Last Man Standing (1996), The Last Boy Scout (1991)





Studio: Warner Bros.

Year: 1991-1996

Rating: R

Aspect Ratio: 2.4:1

Subtitles: English SDH, French, Spanish

Release Date: July 13, 2010







As part of their latest wave of "Double Feature" Blu-ray releases, Warner Home Video has paired two Bruce Willis films from the 1990s on one reasonably priced Blu-ray disc. Other than the appearance of Mr. Willis, the films do not have a lot in common aside from heavily stylized cinematography.

The Films

The Last Boy Scout (1991 - Geffen/Warner - 105 minutes)***

Directed by: Tony Scott

Starring: Bruce Willis, Damon Wayans, Chelsea Field, Noble Willingham, Taylor Negron, Danielle Harris, Halle Berry, Bruce McGill, Chelcie Ross



In The Last Boy Scout down on his luck former Secret Service Agent and current Detective Joe Hallenbeck (Willis) is offered a personal protection job by Detective Mike Matthews (McGill) guarding a stripper named Cory (Berry).

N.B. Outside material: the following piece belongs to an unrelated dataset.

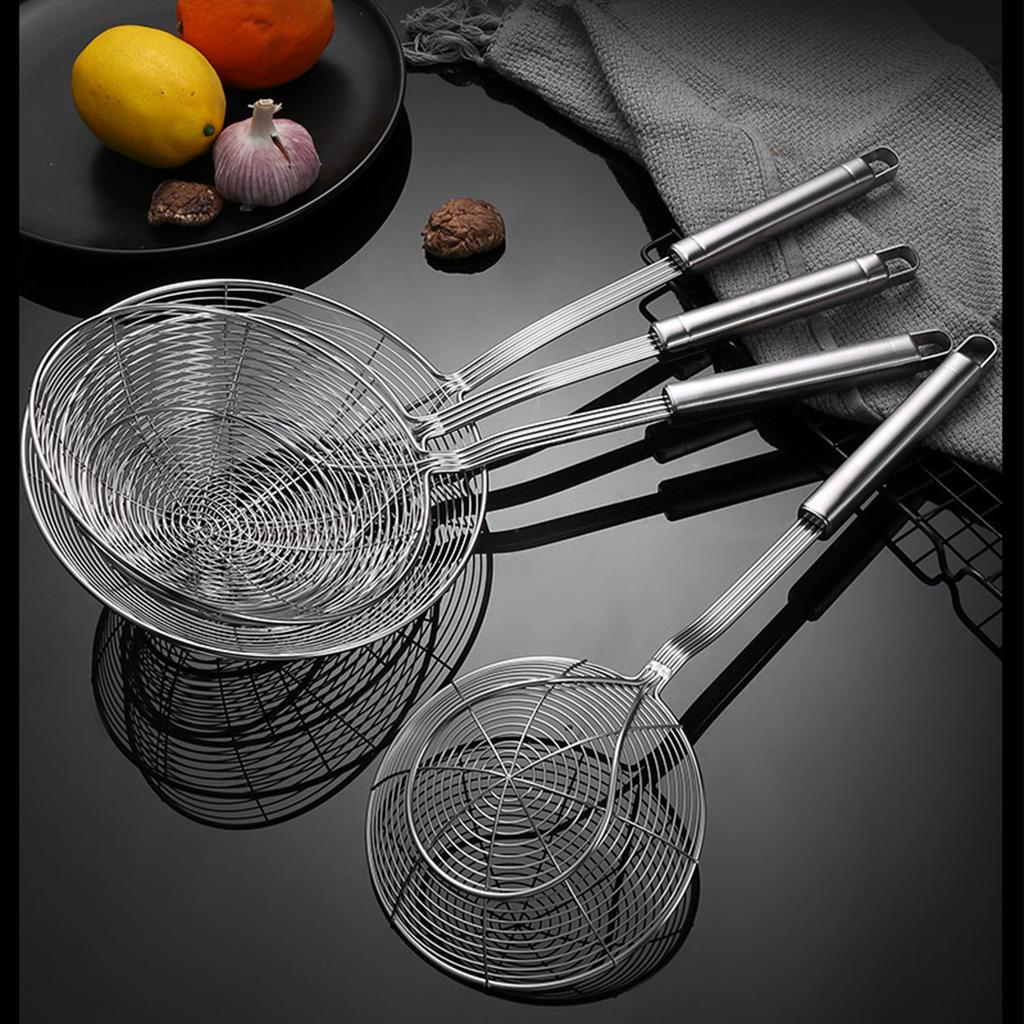 Stainless Steel Wire Skimmer Thickened and Reinforced Noodles Pasta Filter Spoon for Home Kitchen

When both Matthews amd Cory wind up dead, Hallenbeck reluctantly teams with Cory's boyfriend Jimmy Dix (Wayans), a disgraced former professional football quarterback to find the killers. The investigation by this odd-couple leads to a conspiracy involving an unscrupulous owner of a football team (Willingham) and a politician with whom Hallenbeck has a prickly history (Ross).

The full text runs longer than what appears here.